Keep in mind the Update Module file needs to be executable. For this example, the file will be named migration-um-a
:
chmod +x migration-um-a
Now create an Artifact with the updated mender.conf
using the your current workflow to create
Artifacts. It is recommended to use an Operating System update artifact to update the configuration. However, you can also use the custom Update Module.
For this example, the following command will generate the artifact:
ARTIFACT_NAME="eu-migration-a"
DEVICE_TYPE="qemux86-64"
OUTPUT_PATH="eu-migration-a.mender"
DEST_DIR="/usr/share/mender/modules/v3/"
FILE="migration-um-a"
single-file-artifact-gen -n ${ARTIFACT_NAME} -t ${DEVICE_TYPE} -d ${DEST_DIR} -o ${OUTPUT_PATH} ${FILE}
Aditionally, to trigger the migration-um-a
Update Module, an additional artifact needs to be created. For this new artifact, the mender-artifact cli tool will be used:
ARTIFACT_NAME="trigger-eu-mig-a"
DEVICE_TYPE="qemux86-64"
UPDATE_MODULE="migration-um-a"
FILE="migration-a.mender"
mender-artifact write module-image -t $DEVICE_TYPE -o $FILE -T $UPDATE_MODULE -n $ARTIFACT_NAME
In order to use the Update Module, it needs to be installed in the device filesystem.
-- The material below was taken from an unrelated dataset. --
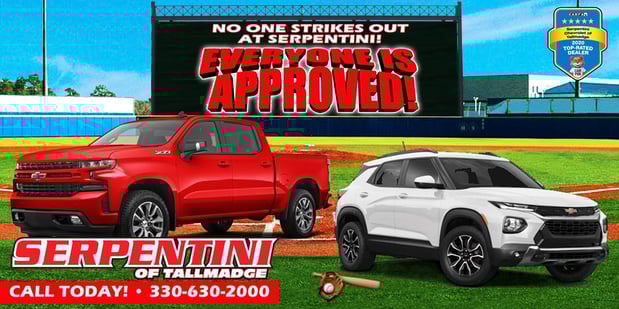Images Serpentini Chevrolet of Tallmadge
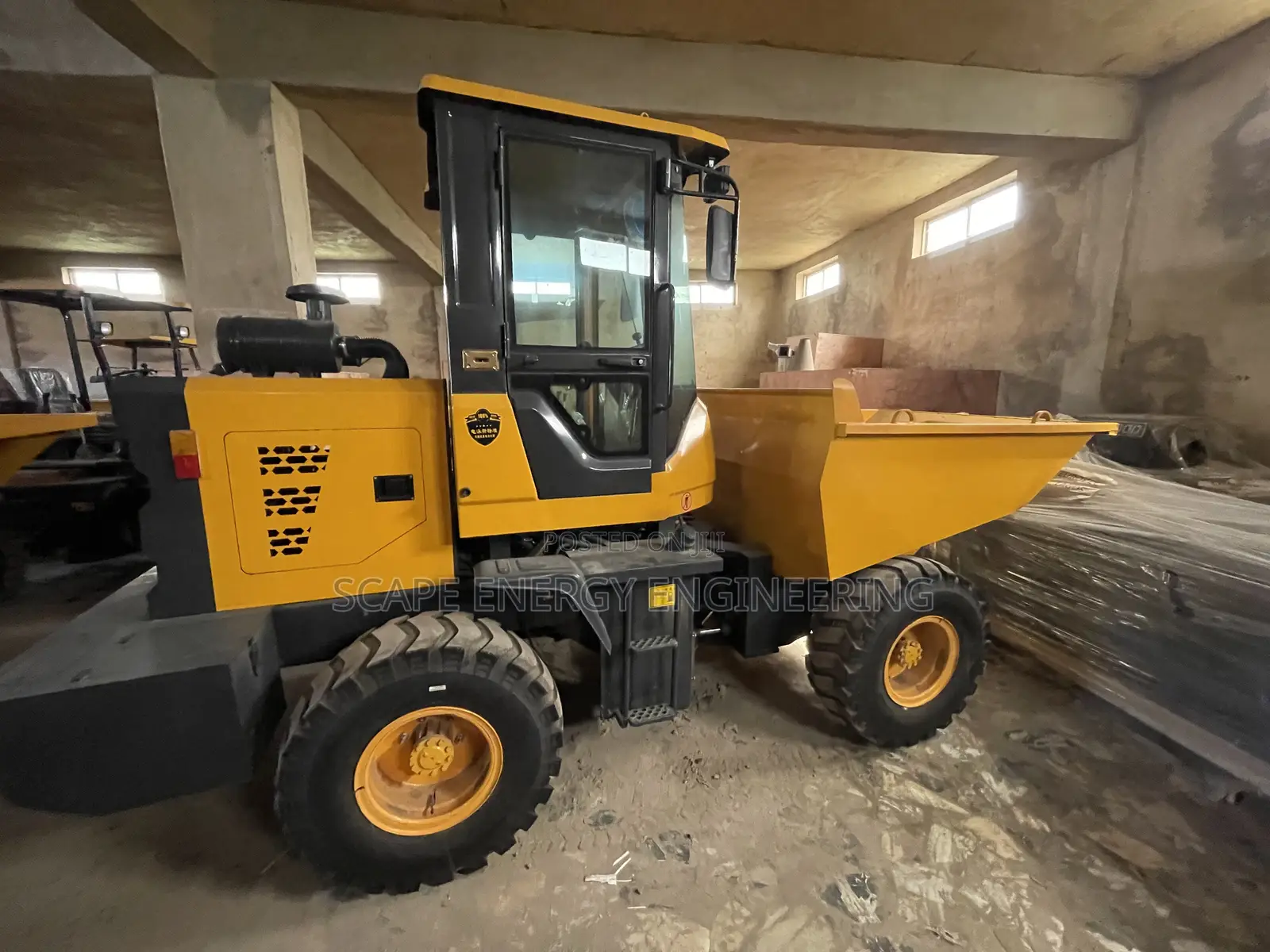 Site Dumper 3 Tons Europec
To generate the artifact that installs the migration-um-a
Update Module, the single-artifact
Update Module can be used.
Using the script single-file-artifact-gen makes this process easier.
Once the Artifact with the new mender.conf
is uploaded to hosted Mender, create a deployment for
your fleet with it.
For the migration-um-a
Update Module, the artifact that installs it must be deployed first, then the artifact that triggers it can be deployed.
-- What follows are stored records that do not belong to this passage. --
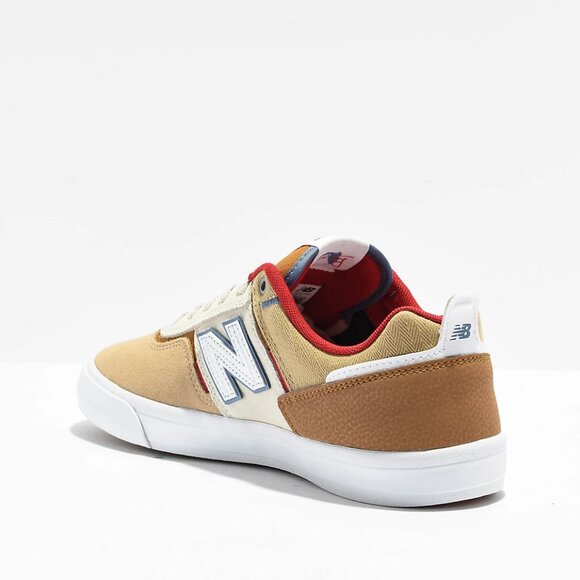 NEW BALANCE NUMERIC JAMIE FOY 306 TAN / RED NM2006NNX MENS 10 NEW SNEAKERS SHOE - Picture 10 of 11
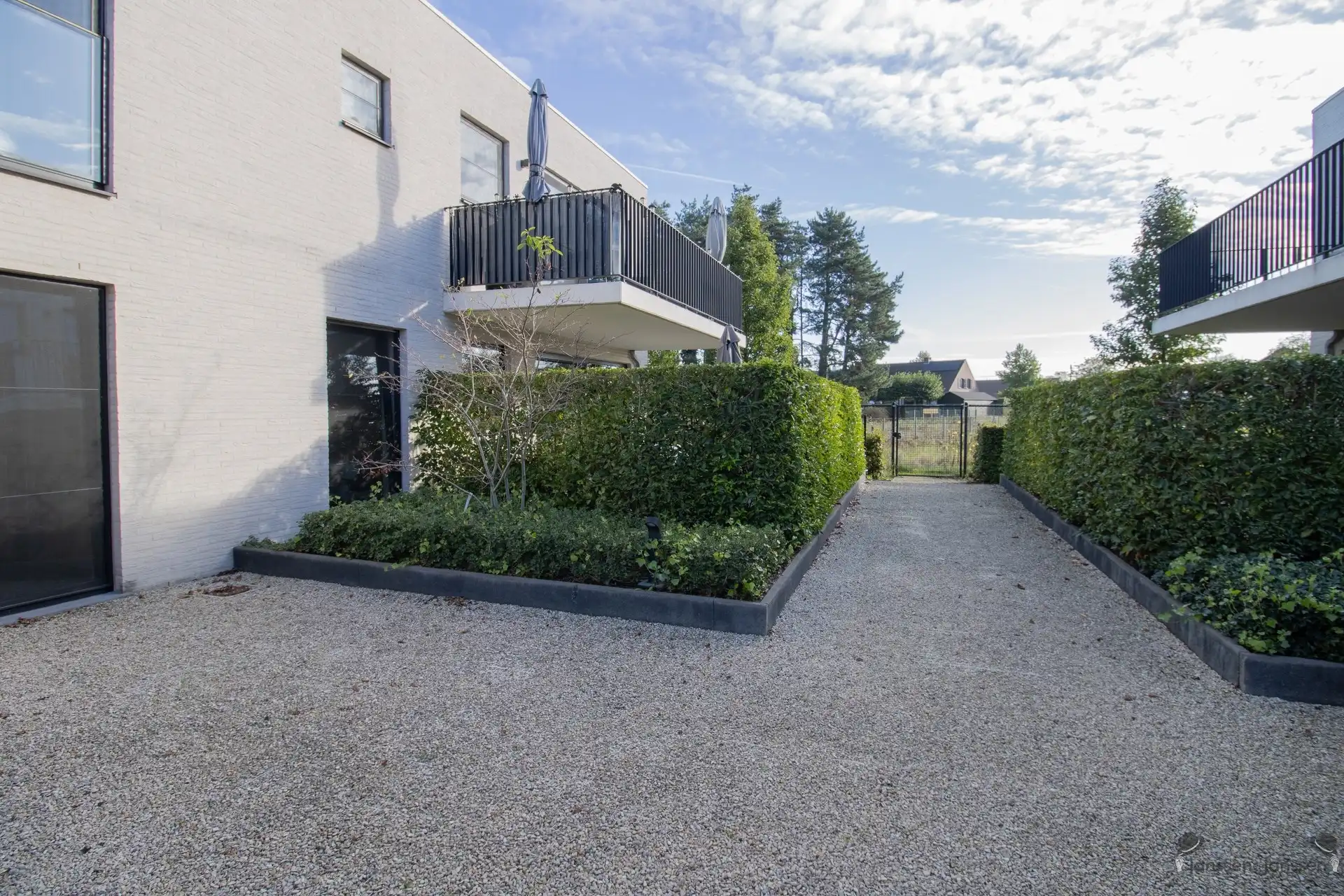 Gelijkvloers appartement met 2 slaapkamers en ruim terras foto 14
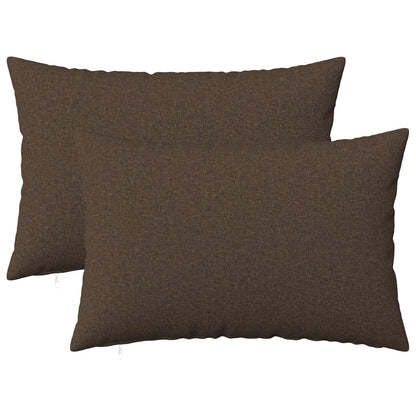 Kussensloop 2 st HEERLEN Taupe 50 x 75 cm Stof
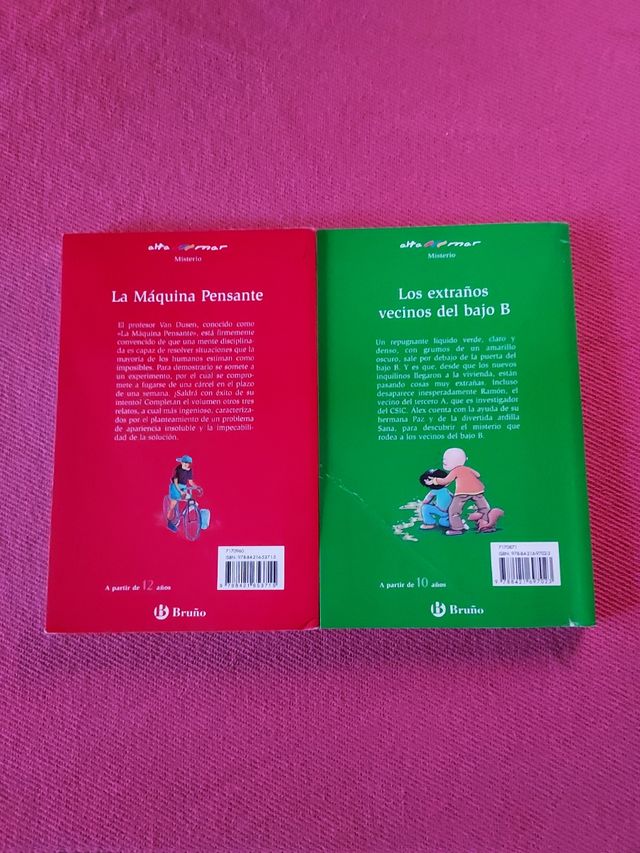 Libros colección Alta mar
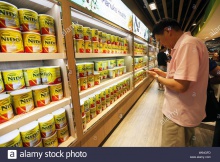 nido milk powder - red cap english, french and arabic text !!!  - product's photo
The devices will now be updating their configuration but still using the old hosted Mender (USA) to
commit the update and poll for further updates, because they orderly follow the server URLs found in
the Servers
field of the configuration file.
Once the deployment has successfully finished, the next step is to reject the devices from the old
server. As the backend databases have been syncronized, once the devices get an Unauthorized
response from the old server they will try with the new server (the next in the Servers
array).
To reject devices either use the GUI
or the API. See API documentation.
Now it is time to clean-up the configuration file.
The new mender.conf
file should contain only the new server in the Servers
array:
.Servers = [
{ServerURL: "https://eu.hosted.mender.io"}
]
Following similar steps that in Step 1 above, create an Artifact with the updated configuration file, upload it to EU hosted Mender, and and deploy it to your devices.